Special Meeting of Stockholders
January 31, 2011
THIS PROXY IS SOLICITED ON BEHALF OF THE BOARD OF DIRECTORS
The undersigned hereby appoints Michael El-Hillow and
Christian M. Ehrbar, and each of them,
as proxyholders and attorneys-in-fact of the undersigned, with full power of substitution to
vote all shares of stock of Evergreen Solar, Inc. (the Company) which the undersigned
is entitled to vote at the Special Meeting of Stockholders of Evergreen Solar, Inc. to be held on
Monday, January 31, 2011, at 8:30 a.m. Eastern Time, at the Courtyard by Marriott,
75 Felton Street, Marlboro, Massachusetts 01752, and at any continuation or adjournments thereof,
with all powers that the undersigned would have if personally present at the meeting. In their
discretion, the proxy holders are authorized to vote upon such other business and matters incident
to the conduct of meetings as may properly come before the meeting.
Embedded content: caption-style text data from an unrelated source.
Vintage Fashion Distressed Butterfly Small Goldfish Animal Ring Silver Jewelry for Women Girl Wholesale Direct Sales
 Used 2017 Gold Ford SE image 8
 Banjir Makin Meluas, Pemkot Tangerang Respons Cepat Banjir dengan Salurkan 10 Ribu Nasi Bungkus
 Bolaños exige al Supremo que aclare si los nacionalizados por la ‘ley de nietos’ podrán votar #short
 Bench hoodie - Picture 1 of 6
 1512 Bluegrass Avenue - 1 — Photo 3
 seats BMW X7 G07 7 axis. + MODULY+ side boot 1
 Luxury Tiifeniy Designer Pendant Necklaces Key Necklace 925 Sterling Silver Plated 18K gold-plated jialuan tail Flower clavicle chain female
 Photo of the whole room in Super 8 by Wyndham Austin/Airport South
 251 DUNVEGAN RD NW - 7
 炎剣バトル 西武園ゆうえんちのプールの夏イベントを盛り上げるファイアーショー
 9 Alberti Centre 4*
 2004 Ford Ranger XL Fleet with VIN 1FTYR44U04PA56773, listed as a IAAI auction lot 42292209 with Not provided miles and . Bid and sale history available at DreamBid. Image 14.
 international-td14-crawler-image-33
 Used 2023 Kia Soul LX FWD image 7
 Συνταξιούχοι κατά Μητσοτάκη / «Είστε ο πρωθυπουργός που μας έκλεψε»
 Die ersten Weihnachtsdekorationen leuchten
The undersigned hereby acknowledges receipt of the Notice of Special Meeting and Proxy Statement, dated on or about January 3, 2011.
The undersigned hereby expressly revokes any and all proxies heretofore given or executed by the undersigned with respect to
the shares of stock represented by this proxy and, by filing this proxy with the
Secretary of Evergreen Solar, Inc., gives notice of such revocation.
Address Changes/Comments:
(If you noted any Address Changes/Comments above, please mark corresponding box on the reverse side.)